* [Given data]
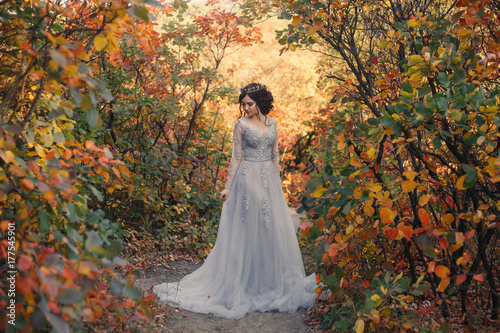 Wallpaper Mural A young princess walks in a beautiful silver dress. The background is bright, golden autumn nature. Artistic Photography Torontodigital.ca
---
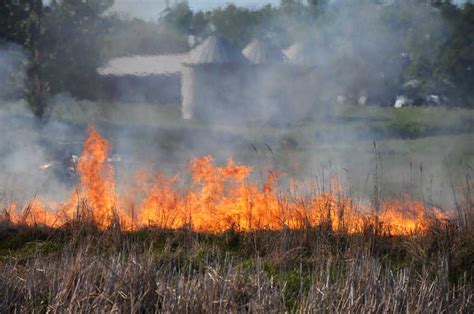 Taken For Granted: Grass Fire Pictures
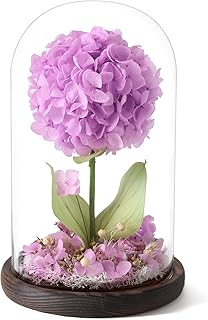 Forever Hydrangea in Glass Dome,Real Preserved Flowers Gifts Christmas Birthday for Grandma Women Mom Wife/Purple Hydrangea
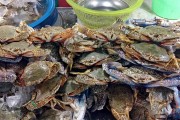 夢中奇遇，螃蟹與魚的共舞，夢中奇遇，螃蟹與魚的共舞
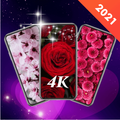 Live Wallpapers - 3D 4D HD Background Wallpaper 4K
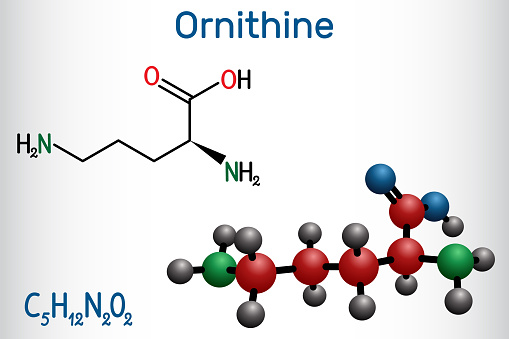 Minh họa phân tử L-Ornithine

* [Brief]
Print, exactly and with no pictures, the lines of the listing above starting at the one that has "Live Wallpapers - 3D" and ending at the one that has "Minh họa phân tử L-Ornithine", both included.

* [Written reply]
 Live Wallpapers - 3D 4D HD Background Wallpaper 4K
 Minh họa phân tử L-Ornithine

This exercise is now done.